### Assigned task
Copy the data below. Keep every line exactly as it is.

Records from a data source
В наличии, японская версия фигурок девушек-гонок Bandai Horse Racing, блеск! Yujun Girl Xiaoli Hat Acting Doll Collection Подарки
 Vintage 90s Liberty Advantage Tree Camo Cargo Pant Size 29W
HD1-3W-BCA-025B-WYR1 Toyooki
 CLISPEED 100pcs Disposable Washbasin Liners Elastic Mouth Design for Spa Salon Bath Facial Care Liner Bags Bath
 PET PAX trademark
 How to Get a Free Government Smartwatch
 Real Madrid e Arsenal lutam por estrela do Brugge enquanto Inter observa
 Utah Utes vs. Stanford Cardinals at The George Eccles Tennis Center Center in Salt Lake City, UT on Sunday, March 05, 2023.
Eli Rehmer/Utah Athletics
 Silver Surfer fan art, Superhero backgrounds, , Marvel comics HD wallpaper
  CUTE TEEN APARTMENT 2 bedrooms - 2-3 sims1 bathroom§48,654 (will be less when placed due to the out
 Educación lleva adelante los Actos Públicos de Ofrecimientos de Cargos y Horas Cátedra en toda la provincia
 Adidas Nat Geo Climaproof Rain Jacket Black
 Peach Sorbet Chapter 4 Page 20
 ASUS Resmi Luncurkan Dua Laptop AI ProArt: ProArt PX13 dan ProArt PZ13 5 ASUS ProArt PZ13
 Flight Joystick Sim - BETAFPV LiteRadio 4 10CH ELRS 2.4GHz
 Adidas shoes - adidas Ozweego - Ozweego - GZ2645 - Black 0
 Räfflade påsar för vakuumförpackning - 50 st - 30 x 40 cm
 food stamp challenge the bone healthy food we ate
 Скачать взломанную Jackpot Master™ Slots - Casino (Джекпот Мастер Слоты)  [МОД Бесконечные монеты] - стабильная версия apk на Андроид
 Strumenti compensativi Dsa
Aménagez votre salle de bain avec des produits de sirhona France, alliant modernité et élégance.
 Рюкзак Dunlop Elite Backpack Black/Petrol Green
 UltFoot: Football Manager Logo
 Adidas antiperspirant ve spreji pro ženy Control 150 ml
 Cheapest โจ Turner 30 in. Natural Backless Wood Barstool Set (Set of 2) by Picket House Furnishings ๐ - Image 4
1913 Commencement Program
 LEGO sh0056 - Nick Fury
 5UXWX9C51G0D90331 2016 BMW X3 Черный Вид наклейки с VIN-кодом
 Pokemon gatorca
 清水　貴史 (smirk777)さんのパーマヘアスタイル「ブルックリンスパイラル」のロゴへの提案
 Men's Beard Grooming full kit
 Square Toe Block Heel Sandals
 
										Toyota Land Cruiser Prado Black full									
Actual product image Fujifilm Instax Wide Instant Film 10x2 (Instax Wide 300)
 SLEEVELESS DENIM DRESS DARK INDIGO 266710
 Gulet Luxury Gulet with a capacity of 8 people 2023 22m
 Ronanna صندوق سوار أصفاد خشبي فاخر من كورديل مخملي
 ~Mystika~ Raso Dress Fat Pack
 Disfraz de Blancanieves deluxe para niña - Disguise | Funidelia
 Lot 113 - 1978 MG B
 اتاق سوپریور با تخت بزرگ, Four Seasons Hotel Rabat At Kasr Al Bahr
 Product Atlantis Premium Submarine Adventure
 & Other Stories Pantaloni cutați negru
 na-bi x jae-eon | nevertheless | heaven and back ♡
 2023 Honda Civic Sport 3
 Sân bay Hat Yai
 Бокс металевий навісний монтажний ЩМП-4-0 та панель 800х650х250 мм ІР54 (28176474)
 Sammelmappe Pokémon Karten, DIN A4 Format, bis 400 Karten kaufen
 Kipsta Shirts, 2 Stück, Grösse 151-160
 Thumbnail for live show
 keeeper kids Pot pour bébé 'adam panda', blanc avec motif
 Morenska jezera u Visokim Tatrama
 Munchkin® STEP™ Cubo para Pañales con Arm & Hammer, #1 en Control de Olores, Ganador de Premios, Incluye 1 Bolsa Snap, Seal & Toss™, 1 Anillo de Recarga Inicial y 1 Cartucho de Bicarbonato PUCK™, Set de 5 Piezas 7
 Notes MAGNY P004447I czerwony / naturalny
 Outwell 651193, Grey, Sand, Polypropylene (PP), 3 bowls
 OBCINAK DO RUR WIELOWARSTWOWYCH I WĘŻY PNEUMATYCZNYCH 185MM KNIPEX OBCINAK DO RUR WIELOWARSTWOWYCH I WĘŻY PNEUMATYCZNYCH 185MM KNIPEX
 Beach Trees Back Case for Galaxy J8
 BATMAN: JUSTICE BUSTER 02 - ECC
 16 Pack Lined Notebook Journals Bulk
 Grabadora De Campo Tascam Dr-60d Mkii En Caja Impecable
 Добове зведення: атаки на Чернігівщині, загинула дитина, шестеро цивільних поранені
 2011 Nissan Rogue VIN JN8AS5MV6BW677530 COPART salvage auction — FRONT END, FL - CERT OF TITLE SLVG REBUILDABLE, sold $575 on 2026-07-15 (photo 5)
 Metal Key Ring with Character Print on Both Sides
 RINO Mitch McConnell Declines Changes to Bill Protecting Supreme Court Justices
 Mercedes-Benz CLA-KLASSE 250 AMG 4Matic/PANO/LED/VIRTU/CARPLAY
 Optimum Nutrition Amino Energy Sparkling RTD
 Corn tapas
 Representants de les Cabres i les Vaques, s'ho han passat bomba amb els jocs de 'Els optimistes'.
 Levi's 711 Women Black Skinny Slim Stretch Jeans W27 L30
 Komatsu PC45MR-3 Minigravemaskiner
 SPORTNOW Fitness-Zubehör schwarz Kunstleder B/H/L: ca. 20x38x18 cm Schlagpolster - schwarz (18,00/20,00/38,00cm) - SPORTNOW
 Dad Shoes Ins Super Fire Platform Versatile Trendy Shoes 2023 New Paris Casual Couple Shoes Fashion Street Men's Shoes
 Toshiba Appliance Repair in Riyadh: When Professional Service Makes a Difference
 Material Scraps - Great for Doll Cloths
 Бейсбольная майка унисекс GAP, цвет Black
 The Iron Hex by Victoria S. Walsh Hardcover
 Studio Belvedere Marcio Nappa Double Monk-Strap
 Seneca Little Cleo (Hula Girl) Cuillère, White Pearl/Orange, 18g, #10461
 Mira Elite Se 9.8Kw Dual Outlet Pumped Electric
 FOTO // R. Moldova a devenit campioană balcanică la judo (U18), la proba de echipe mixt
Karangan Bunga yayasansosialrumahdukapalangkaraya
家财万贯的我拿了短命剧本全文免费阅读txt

### Solution to this task
В наличии, японская версия фигурок девушек-гонок Bandai Horse Racing, блеск! Yujun Girl Xiaoli Hat Acting Doll Collection Подарки
 Vintage 90s Liberty Advantage Tree Camo Cargo Pant Size 29W
HD1-3W-BCA-025B-WYR1 Toyooki
 CLISPEED 100pcs Disposable Washbasin Liners Elastic Mouth Design for Spa Salon Bath Facial Care Liner Bags Bath
 PET PAX trademark
 How to Get a Free Government Smartwatch
 Real Madrid e Arsenal lutam por estrela do Brugge enquanto Inter observa
 Utah Utes vs. Stanford Cardinals at The George Eccles Tennis Center Center in Salt Lake City, UT on Sunday, March 05, 2023.
Eli Rehmer/Utah Athletics
 Silver Surfer fan art, Superhero backgrounds, , Marvel comics HD wallpaper
  CUTE TEEN APARTMENT 2 bedrooms - 2-3 sims1 bathroom§48,654 (will be less when placed due to the out
 Educación lleva adelante los Actos Públicos de Ofrecimientos de Cargos y Horas Cátedra en toda la provincia
 Adidas Nat Geo Climaproof Rain Jacket Black
 Peach Sorbet Chapter 4 Page 20
 ASUS Resmi Luncurkan Dua Laptop AI ProArt: ProArt PX13 dan ProArt PZ13 5 ASUS ProArt PZ13
 Flight Joystick Sim - BETAFPV LiteRadio 4 10CH ELRS 2.4GHz
 Adidas shoes - adidas Ozweego - Ozweego - GZ2645 - Black 0
 Räfflade påsar för vakuumförpackning - 50 st - 30 x 40 cm
 food stamp challenge the bone healthy food we ate
 Скачать взломанную Jackpot Master™ Slots - Casino (Джекпот Мастер Слоты)  [МОД Бесконечные монеты] - стабильная версия apk на Андроид
 Strumenti compensativi Dsa
Aménagez votre salle de bain avec des produits de sirhona France, alliant modernité et élégance.
 Рюкзак Dunlop Elite Backpack Black/Petrol Green
 UltFoot: Football Manager Logo
 Adidas antiperspirant ve spreji pro ženy Control 150 ml
 Cheapest โจ Turner 30 in. Natural Backless Wood Barstool Set (Set of 2) by Picket House Furnishings ๐ - Image 4
1913 Commencement Program
 LEGO sh0056 - Nick Fury
 5UXWX9C51G0D90331 2016 BMW X3 Черный Вид наклейки с VIN-кодом
 Pokemon gatorca
 清水　貴史 (smirk777)さんのパーマヘアスタイル「ブルックリンスパイラル」のロゴへの提案
 Men's Beard Grooming full kit
 Square Toe Block Heel Sandals
 
										Toyota Land Cruiser Prado Black full									
Actual product image Fujifilm Instax Wide Instant Film 10x2 (Instax Wide 300)
 SLEEVELESS DENIM DRESS DARK INDIGO 266710
 Gulet Luxury Gulet with a capacity of 8 people 2023 22m
 Ronanna صندوق سوار أصفاد خشبي فاخر من كورديل مخملي
 ~Mystika~ Raso Dress Fat Pack
 Disfraz de Blancanieves deluxe para niña - Disguise | Funidelia
 Lot 113 - 1978 MG B
 اتاق سوپریور با تخت بزرگ, Four Seasons Hotel Rabat At Kasr Al Bahr
 Product Atlantis Premium Submarine Adventure
 & Other Stories Pantaloni cutați negru
 na-bi x jae-eon | nevertheless | heaven and back ♡
 2023 Honda Civic Sport 3
 Sân bay Hat Yai
 Бокс металевий навісний монтажний ЩМП-4-0 та панель 800х650х250 мм ІР54 (28176474)
 Sammelmappe Pokémon Karten, DIN A4 Format, bis 400 Karten kaufen
 Kipsta Shirts, 2 Stück, Grösse 151-160
 Thumbnail for live show
 keeeper kids Pot pour bébé 'adam panda', blanc avec motif
 Morenska jezera u Visokim Tatrama
 Munchkin® STEP™ Cubo para Pañales con Arm & Hammer, #1 en Control de Olores, Ganador de Premios, Incluye 1 Bolsa Snap, Seal & Toss™, 1 Anillo de Recarga Inicial y 1 Cartucho de Bicarbonato PUCK™, Set de 5 Piezas 7
 Notes MAGNY P004447I czerwony / naturalny
 Outwell 651193, Grey, Sand, Polypropylene (PP), 3 bowls
 OBCINAK DO RUR WIELOWARSTWOWYCH I WĘŻY PNEUMATYCZNYCH 185MM KNIPEX OBCINAK DO RUR WIELOWARSTWOWYCH I WĘŻY PNEUMATYCZNYCH 185MM KNIPEX
 Beach Trees Back Case for Galaxy J8
 BATMAN: JUSTICE BUSTER 02 - ECC
 16 Pack Lined Notebook Journals Bulk
 Grabadora De Campo Tascam Dr-60d Mkii En Caja Impecable
 Добове зведення: атаки на Чернігівщині, загинула дитина, шестеро цивільних поранені
 2011 Nissan Rogue VIN JN8AS5MV6BW677530 COPART salvage auction — FRONT END, FL - CERT OF TITLE SLVG REBUILDABLE, sold $575 on 2026-07-15 (photo 5)
 Metal Key Ring with Character Print on Both Sides
 RINO Mitch McConnell Declines Changes to Bill Protecting Supreme Court Justices
 Mercedes-Benz CLA-KLASSE 250 AMG 4Matic/PANO/LED/VIRTU/CARPLAY
 Optimum Nutrition Amino Energy Sparkling RTD
 Corn tapas
 Representants de les Cabres i les Vaques, s'ho han passat bomba amb els jocs de 'Els optimistes'.
 Levi's 711 Women Black Skinny Slim Stretch Jeans W27 L30
 Komatsu PC45MR-3 Minigravemaskiner
 SPORTNOW Fitness-Zubehör schwarz Kunstleder B/H/L: ca. 20x38x18 cm Schlagpolster - schwarz (18,00/20,00/38,00cm) - SPORTNOW
 Dad Shoes Ins Super Fire Platform Versatile Trendy Shoes 2023 New Paris Casual Couple Shoes Fashion Street Men's Shoes
 Toshiba Appliance Repair in Riyadh: When Professional Service Makes a Difference
 Material Scraps - Great for Doll Cloths
 Бейсбольная майка унисекс GAP, цвет Black
 The Iron Hex by Victoria S. Walsh Hardcover
 Studio Belvedere Marcio Nappa Double Monk-Strap
 Seneca Little Cleo (Hula Girl) Cuillère, White Pearl/Orange, 18g, #10461
 Mira Elite Se 9.8Kw Dual Outlet Pumped Electric
 FOTO // R. Moldova a devenit campioană balcanică la judo (U18), la proba de echipe mixt
Karangan Bunga yayasansosialrumahdukapalangkaraya
家财万贯的我拿了短命剧本全文免费阅读txt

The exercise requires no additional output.